### Work request
If anything in the data looks odd, keep it anyway and write the whole listing out unchanged.

### Records supplied
· · · ·
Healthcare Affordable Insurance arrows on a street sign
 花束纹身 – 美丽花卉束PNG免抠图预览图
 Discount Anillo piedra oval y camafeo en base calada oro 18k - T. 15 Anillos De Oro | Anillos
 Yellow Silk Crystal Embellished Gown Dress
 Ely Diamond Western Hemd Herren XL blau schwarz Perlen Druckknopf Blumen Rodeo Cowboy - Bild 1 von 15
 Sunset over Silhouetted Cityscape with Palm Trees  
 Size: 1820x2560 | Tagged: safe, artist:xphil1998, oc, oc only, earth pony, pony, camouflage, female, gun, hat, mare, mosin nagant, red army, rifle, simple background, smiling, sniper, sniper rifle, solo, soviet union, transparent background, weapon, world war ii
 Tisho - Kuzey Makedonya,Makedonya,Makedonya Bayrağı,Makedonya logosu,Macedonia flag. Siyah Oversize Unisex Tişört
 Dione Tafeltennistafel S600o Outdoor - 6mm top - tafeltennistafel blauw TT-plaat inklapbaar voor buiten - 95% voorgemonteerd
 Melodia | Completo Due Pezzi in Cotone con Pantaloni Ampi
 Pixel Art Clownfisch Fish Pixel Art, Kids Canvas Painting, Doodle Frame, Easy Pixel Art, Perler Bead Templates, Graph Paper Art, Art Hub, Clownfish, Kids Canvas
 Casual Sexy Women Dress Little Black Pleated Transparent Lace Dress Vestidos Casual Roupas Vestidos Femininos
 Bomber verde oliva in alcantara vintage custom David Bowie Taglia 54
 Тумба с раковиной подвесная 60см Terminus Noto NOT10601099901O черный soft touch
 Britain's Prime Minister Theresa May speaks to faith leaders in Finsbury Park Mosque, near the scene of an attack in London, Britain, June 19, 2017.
· · · ·
### Problem solution
Healthcare Affordable Insurance arrows on a street sign
 花束纹身 – 美丽花卉束PNG免抠图预览图
 Discount Anillo piedra oval y camafeo en base calada oro 18k - T. 15 Anillos De Oro | Anillos
 Yellow Silk Crystal Embellished Gown Dress
 Ely Diamond Western Hemd Herren XL blau schwarz Perlen Druckknopf Blumen Rodeo Cowboy - Bild 1 von 15
 Sunset over Silhouetted Cityscape with Palm Trees  
 Size: 1820x2560 | Tagged: safe, artist:xphil1998, oc, oc only, earth pony, pony, camouflage, female, gun, hat, mare, mosin nagant, red army, rifle, simple background, smiling, sniper, sniper rifle, solo, soviet union, transparent background, weapon, world war ii
 Tisho - Kuzey Makedonya,Makedonya,Makedonya Bayrağı,Makedonya logosu,Macedonia flag. Siyah Oversize Unisex Tişört
 Dione Tafeltennistafel S600o Outdoor - 6mm top - tafeltennistafel blauw TT-plaat inklapbaar voor buiten - 95% voorgemonteerd
 Melodia | Completo Due Pezzi in Cotone con Pantaloni Ampi
 Pixel Art Clownfisch Fish Pixel Art, Kids Canvas Painting, Doodle Frame, Easy Pixel Art, Perler Bead Templates, Graph Paper Art, Art Hub, Clownfish, Kids Canvas
 Casual Sexy Women Dress Little Black Pleated Transparent Lace Dress Vestidos Casual Roupas Vestidos Femininos
 Bomber verde oliva in alcantara vintage custom David Bowie Taglia 54
 Тумба с раковиной подвесная 60см Terminus Noto NOT10601099901O черный soft touch
 Britain's Prime Minister Theresa May speaks to faith leaders in Finsbury Park Mosque, near the scene of an attack in London, Britain, June 19, 2017.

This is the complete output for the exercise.